=== Exercise ===
An identical copy of all the entries is the required result.

=== Material for the task ===

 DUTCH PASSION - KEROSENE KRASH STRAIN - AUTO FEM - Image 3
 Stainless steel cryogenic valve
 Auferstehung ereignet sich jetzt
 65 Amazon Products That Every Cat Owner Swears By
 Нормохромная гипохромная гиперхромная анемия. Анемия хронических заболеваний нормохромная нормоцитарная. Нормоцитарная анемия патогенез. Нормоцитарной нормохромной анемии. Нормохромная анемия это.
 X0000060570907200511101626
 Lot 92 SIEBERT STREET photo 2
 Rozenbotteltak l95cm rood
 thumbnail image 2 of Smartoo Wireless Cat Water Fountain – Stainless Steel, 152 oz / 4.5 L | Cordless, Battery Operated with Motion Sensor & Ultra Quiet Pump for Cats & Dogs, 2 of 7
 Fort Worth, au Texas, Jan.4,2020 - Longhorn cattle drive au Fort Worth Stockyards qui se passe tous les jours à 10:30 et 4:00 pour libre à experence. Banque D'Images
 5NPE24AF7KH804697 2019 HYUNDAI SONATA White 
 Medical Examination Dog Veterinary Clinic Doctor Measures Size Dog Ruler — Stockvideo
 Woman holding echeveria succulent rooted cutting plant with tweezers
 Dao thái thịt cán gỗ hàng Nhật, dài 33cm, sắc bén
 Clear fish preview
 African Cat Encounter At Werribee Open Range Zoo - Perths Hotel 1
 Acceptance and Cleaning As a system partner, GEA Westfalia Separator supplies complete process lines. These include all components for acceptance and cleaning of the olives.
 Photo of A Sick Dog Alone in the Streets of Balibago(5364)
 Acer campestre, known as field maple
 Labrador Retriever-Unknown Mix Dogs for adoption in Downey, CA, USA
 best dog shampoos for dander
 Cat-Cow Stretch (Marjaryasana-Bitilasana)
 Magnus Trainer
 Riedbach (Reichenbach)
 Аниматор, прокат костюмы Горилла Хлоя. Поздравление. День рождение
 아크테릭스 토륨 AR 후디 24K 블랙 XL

=== Result of the task ===
 DUTCH PASSION - KEROSENE KRASH STRAIN - AUTO FEM - Image 3
 Stainless steel cryogenic valve
 Auferstehung ereignet sich jetzt
 65 Amazon Products That Every Cat Owner Swears By
 Нормохромная гипохромная гиперхромная анемия. Анемия хронических заболеваний нормохромная нормоцитарная. Нормоцитарная анемия патогенез. Нормоцитарной нормохромной анемии. Нормохромная анемия это.
 X0000060570907200511101626
 Lot 92 SIEBERT STREET photo 2
 Rozenbotteltak l95cm rood
 thumbnail image 2 of Smartoo Wireless Cat Water Fountain – Stainless Steel, 152 oz / 4.5 L | Cordless, Battery Operated with Motion Sensor & Ultra Quiet Pump for Cats & Dogs, 2 of 7
 Fort Worth, au Texas, Jan.4,2020 - Longhorn cattle drive au Fort Worth Stockyards qui se passe tous les jours à 10:30 et 4:00 pour libre à experence. Banque D'Images
 5NPE24AF7KH804697 2019 HYUNDAI SONATA White 
 Medical Examination Dog Veterinary Clinic Doctor Measures Size Dog Ruler — Stockvideo
 Woman holding echeveria succulent rooted cutting plant with tweezers
 Dao thái thịt cán gỗ hàng Nhật, dài 33cm, sắc bén
 Clear fish preview
 African Cat Encounter At Werribee Open Range Zoo - Perths Hotel 1
 Acceptance and Cleaning As a system partner, GEA Westfalia Separator supplies complete process lines. These include all components for acceptance and cleaning of the olives.
 Photo of A Sick Dog Alone in the Streets of Balibago(5364)
 Acer campestre, known as field maple
 Labrador Retriever-Unknown Mix Dogs for adoption in Downey, CA, USA
 best dog shampoos for dander
 Cat-Cow Stretch (Marjaryasana-Bitilasana)
 Magnus Trainer
 Riedbach (Reichenbach)
 Аниматор, прокат костюмы Горилла Хлоя. Поздравление. День рождение
 아크테릭스 토륨 AR 후디 24K 블랙 XL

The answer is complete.